Ministry Updates
Helping Global Orphans: A Common-Sense Approach
July 17, 2014
by Mark Watson
We asked Dr. Albert Reyes, president and CEO of Buckner International, to share about how community development intersects with ministering to at-risk children and global orphans. This opinion column appeared in the summer 2014 issue of Horizons magazine.
The Problem With Institutional Orphan Care
If I earned a dollar every time I heard a well-intentioned Christian say, “I want to go to the mission field and start an orphanage,” I would have enough money to really make a difference for the more than 200 million orphans in the world today. While an orphanage is a better place than life on the street for children who are abandoned, neglected or abused, I wonder why institutional care rises to the top of the list of solutions for vulnerable children outside the United States.
What all children need is a healthy, safe and loving family to care for them. Isn’t that what we would want for our own children? Why does this common-sense approach escape us when serving vulnerable children in the global village? The world’s local churches are full of families that could provide homes for vulnerable children.
Dr. Dana Johnson, a professor of pediatrics and neonatology at the University of Minnesota and founder of that school’s International Adoption Clinic, says that orphanages produce negative affects on children. “Within an orphanage, during the first years of life, growth slows, the electrical activity of the brain diminishes, cognitive abilities decrease one IQ [per] month, language development lags, children fail to form a primary attachment relationship to caregivers and the likelihood of future mental illness increases dramatically,” he says.
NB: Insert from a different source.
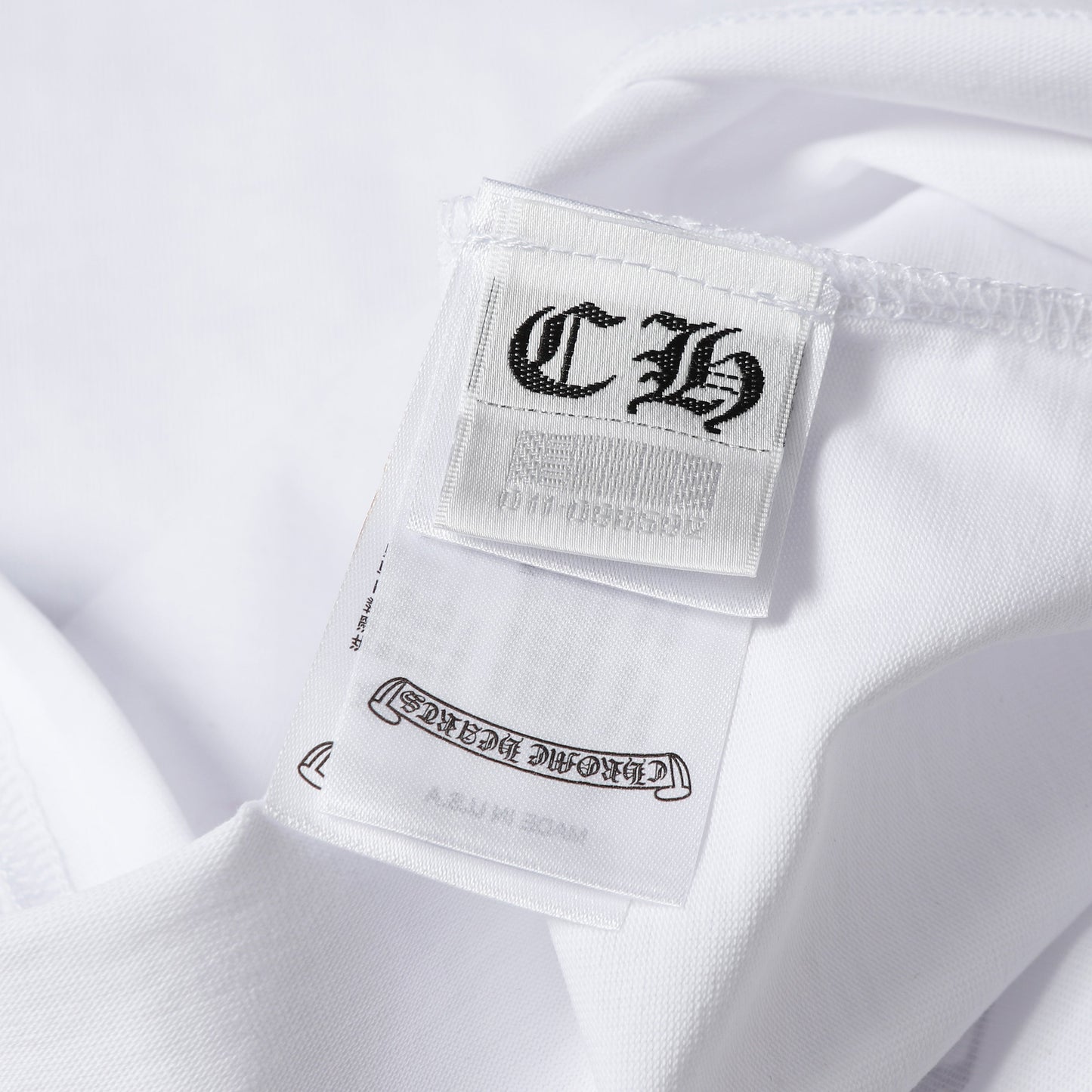 Chrome Hearts T-shirt 2252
The Solution is Community Based
Buckner International, a ministry I direct that began as an orphanage west of the Mississippi River in 1879, has transformed over time to advance the view that the best place for a child is in a home with a loving family, rather than in an institutional setting. Internationally, we provide foster group homes, foster care and kinship care to place children in healthy family environments. Families make room for vulnerable children and work everyday to redeem these precious lives, turning what was intended for harm into good.
Much like TEAM, we also work through various community development strategies to help strengthen families and their communities. Initiatives such as health care services, community children’s centers, and educational assistance all play a part directly and indirectly in improving the future for orphans — or preventing them from becoming orphans in the first place.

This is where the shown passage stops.